Kotkin sketches out how knowledge workers want a lifestyle-driven place loaded with amenities in culture, arts, and entertainment. Places for knowledge workers include anti-urban elite rural enclaves (e.g., Camden, Maine), the midopolis (e.g., the burbs of St. Louis), the nerdistan of highly-educated tech workers (e.g., Cary, North Carolina), and small towns with natural beauty (e.g., Park City, Utah).

In Kotkin's view, central business districts can serve a role to provide a contrasting (with suburban and rural places) experience for arts, entertainment, face-to-face meetings, and as a stage for activities in which people can see each other for social display or mating. However, a "Potemkin City" of symbolic monuments such as stadiums, casinos, and heavily-subsidized developments and museums (e.g., Cleveland, p. 63) does not provide urban vitality.
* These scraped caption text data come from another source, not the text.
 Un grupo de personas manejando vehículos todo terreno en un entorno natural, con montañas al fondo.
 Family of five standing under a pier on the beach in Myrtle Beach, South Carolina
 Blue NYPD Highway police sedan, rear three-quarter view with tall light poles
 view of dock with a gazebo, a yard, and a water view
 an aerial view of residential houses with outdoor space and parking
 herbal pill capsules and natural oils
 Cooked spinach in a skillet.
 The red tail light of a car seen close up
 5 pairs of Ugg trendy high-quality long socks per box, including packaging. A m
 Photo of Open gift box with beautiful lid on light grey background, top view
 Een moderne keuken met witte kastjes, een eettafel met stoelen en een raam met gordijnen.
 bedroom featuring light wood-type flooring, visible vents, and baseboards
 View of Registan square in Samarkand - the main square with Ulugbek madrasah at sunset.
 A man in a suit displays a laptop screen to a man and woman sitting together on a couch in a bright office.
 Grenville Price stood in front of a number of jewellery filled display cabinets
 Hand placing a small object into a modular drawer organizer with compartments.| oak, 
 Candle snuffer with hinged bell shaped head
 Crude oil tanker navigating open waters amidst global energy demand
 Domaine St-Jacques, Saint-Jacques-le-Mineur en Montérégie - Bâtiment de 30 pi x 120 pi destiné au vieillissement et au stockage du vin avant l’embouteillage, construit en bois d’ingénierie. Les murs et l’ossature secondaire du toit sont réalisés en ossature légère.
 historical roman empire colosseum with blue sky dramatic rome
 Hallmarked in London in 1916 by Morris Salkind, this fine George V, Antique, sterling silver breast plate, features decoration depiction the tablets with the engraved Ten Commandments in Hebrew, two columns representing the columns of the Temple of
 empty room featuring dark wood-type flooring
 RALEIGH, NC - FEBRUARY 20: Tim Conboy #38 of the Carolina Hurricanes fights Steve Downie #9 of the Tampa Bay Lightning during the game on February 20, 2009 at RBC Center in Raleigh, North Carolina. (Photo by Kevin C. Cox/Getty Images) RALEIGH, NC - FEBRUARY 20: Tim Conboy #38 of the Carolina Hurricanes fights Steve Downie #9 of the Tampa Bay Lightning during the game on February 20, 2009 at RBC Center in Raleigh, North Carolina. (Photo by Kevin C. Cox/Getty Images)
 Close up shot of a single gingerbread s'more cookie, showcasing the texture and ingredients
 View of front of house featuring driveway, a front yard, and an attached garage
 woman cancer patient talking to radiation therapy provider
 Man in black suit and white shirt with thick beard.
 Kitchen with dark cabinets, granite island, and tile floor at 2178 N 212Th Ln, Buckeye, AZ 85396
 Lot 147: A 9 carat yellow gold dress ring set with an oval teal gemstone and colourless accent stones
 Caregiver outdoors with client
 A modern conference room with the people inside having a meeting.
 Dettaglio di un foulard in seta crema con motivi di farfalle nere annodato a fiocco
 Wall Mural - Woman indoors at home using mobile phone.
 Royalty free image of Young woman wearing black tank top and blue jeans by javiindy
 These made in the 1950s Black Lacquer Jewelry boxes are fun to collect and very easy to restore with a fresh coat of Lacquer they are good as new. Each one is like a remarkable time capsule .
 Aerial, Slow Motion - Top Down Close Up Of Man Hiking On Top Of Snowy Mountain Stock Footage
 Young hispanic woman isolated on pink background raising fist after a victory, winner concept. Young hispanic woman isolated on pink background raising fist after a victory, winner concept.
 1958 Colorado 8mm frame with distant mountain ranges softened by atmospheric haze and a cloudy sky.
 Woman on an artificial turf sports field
Cities can draw tremendous energy from immigrant enclaves that Kotkin compares to a casbah, souk, or melting pot (e.g., Toytown in Los Angeles); digital art and new media (e.g., lower Manhattan); the idea of Main Street as an agora (e.g., Downer's Grove, Illinois); and matters of the heart (community, identity, history and faith) (p. 189).

Kotkin's work evokes the complexity of cultural geography and economies, and he does not offer a single tag line or neatly packaged approach for every community to follow. Instead, he shows how people adapt to and carve out niches for themselves in a wide range of environments based on current conditions (as living things have been doing for billions of years). A common theme of this book seems to be reworking the human dimension into the rationalist, monolithic, homogeneous, and auto-centric architecture and urban-planning fixations of the twentieth century. A successful environment for our times, it seems, may be more of a diverse, fine-grained mix of grassroots-driven urban forms in which the innate energy and creative joy of people can be unleashed.